両氏は15日にワシントンで同じ集会に参加し、講演を予定している。

先週、AI開発企業の米アンソロピックの研究者ジェイコブ・コクソン氏が退社を表明し、「AIを構築している人々は、AIが今後10年以内に全人類を殺す可能性があると本気で信じている」と述べたことで、AIの潜在的脅威への警戒感が高まった。週末に業界大手企業のトップ数名がAI技術の開発ペースを緩めるよう求め、14日には世界中でAI関連株が下落した。

トランプ米大統領の長年の盟友であるバノン氏は、AIの監督に関するトランプ氏の対応を批判している。バノン氏は14日のポッドキャストで、各州がAI技術に関する独自規則を施行することを禁止する法律を連邦議会は可決すべきではないと述べた。
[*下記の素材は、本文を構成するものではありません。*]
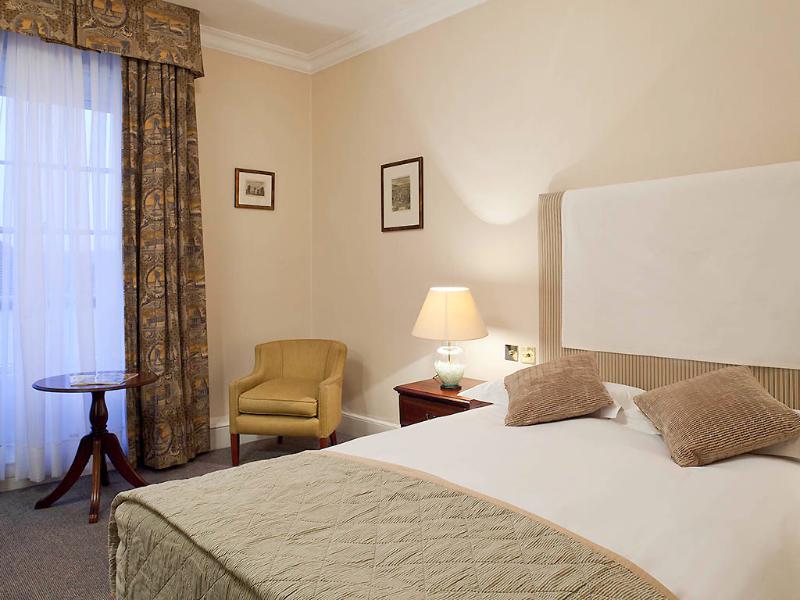 Mercure Salisbury White Hart Hotel - Oda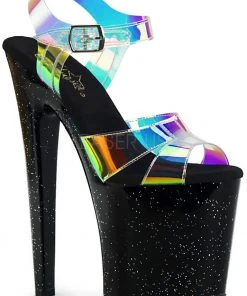 Ladies Fetish Boots Pleaser XTREME 820MMR Shoes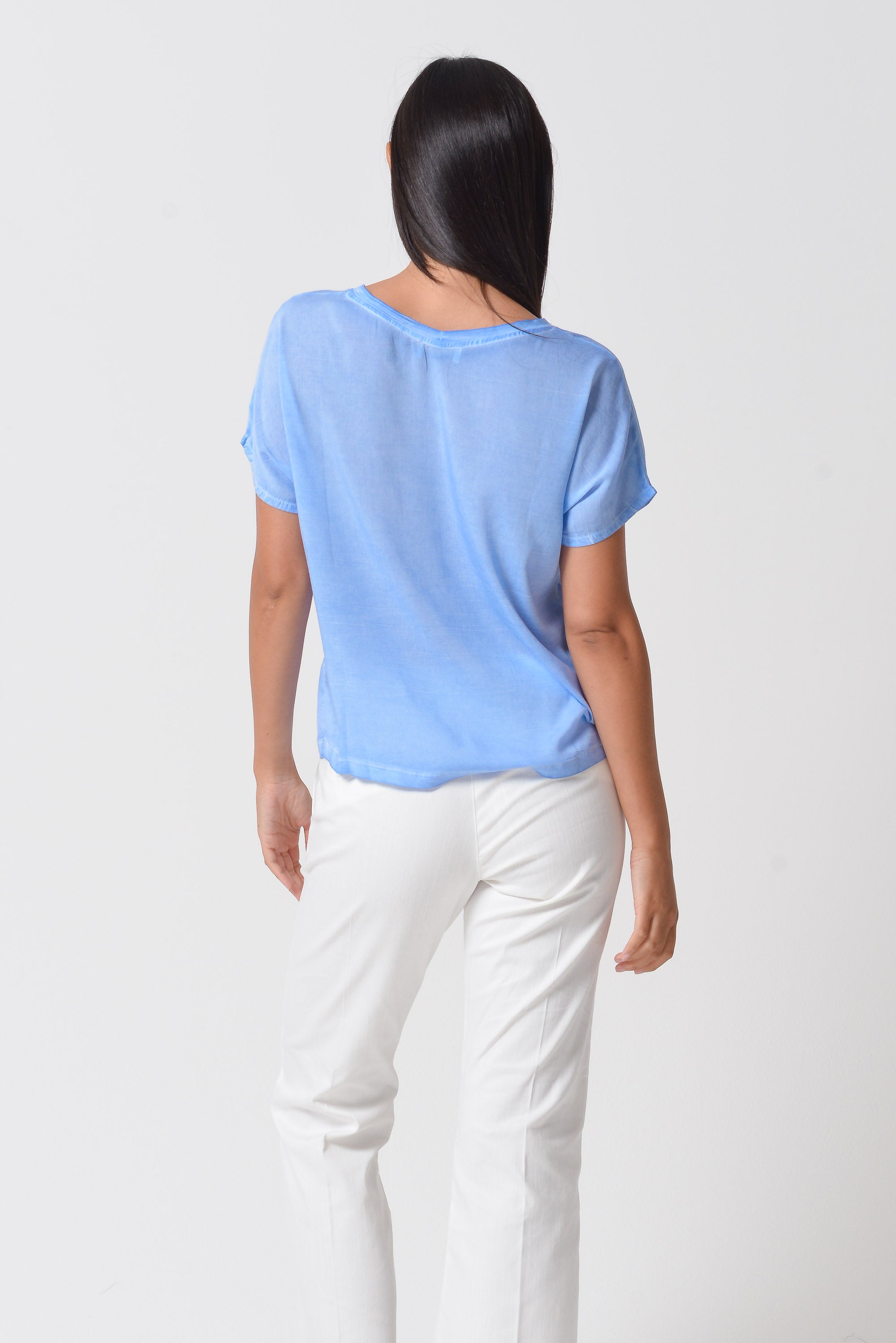 Vado T-Shirt - Bay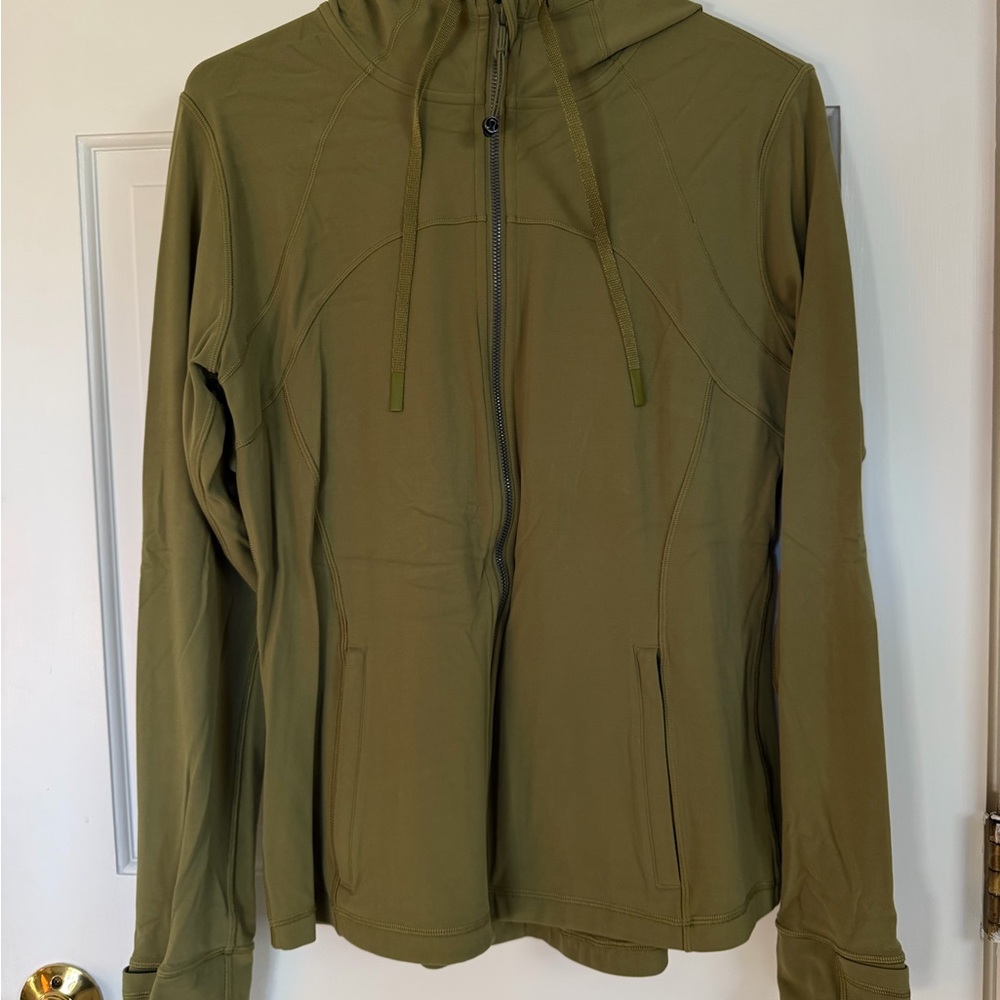 NWOT Lululemon “Define” jacket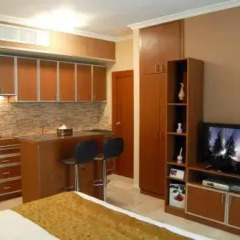 Beity Rose Suites Hotel 3* Студия с различными типами кроватей фото 4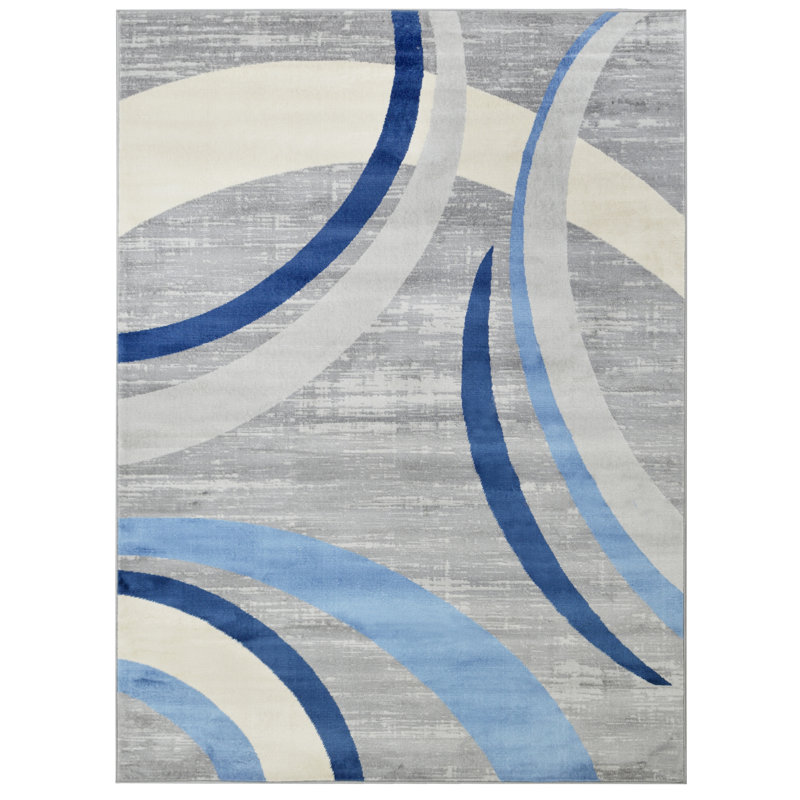 Kadri Indoor Rug, Rectangle 5' x 7'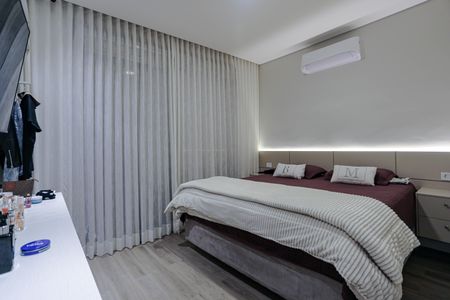 Casa de condomínio para alugar com 300m², 3 quartos e 4 vagasQuarto 1 - Suíte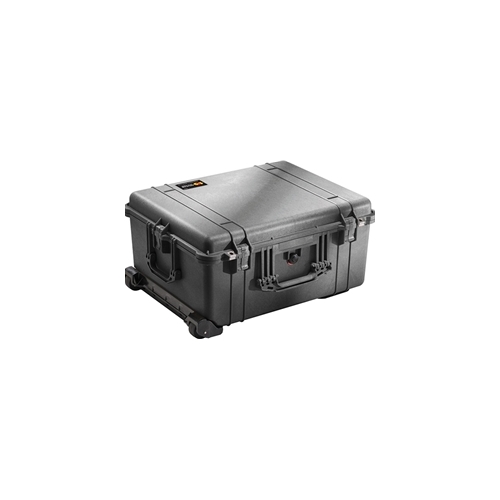 Pelican™ 1610 Case NO Foam (Black)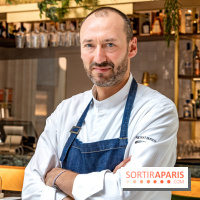 Montecito restaurant Paris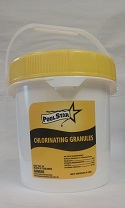 Pool Star - Granular Chlorine - 8# Jar
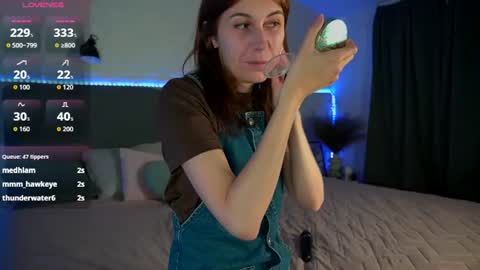 Hailey  Green online show from 07/26/26, 08:16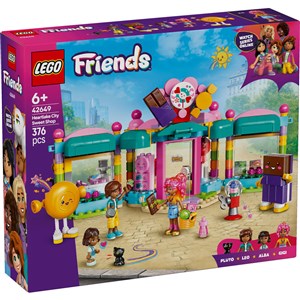 Lego Friends Heartlake City Şekerci Dükkanı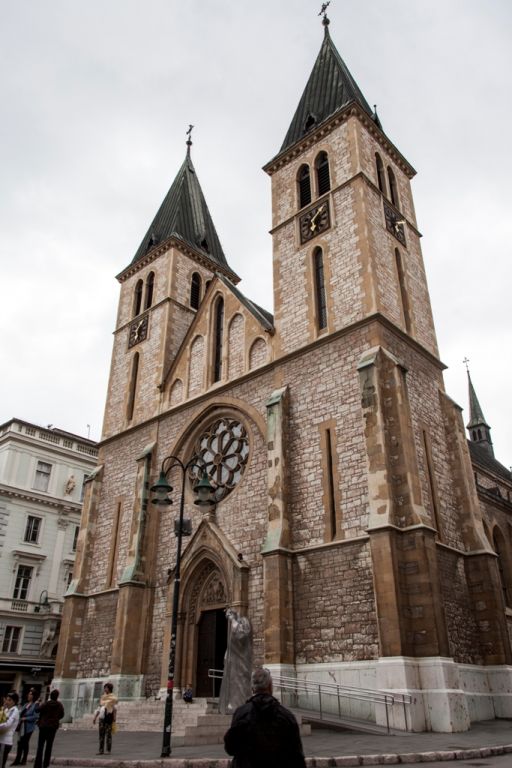 Katedrala Srca Isusova - İsa'nın Kalbi Katedrali 6. Fotoğraf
トランプ氏は14日、AIの悪用を巡り業界幹部らが週末に懸念を表明したことについて、米国にはすでにAI企業を規制し、法的責任を追及するための枠組みが整っていると主張した。

イベント主催者によると、サンダース氏とバノン氏に加え、全米労働総同盟・産業別組合会議(AFL-CIO)会長と全米福音派協会(NAE)会長も登壇し、演説を行う予定だ。AFL-CIOは米国最大の労働組合連合である。

サンダース氏は、下院の進歩派議員グレッグ・カサー氏と共に、政府がAI技術を監督する新たな機関を設立するまで、「米国政府を転覆させたり、その基盤を揺るがしたりする」能力を持つAIツールの開発を停止させる法案を米国が可決するよう求めている。カサー氏とサンダース氏は、具体的な内容については明らかにしていない。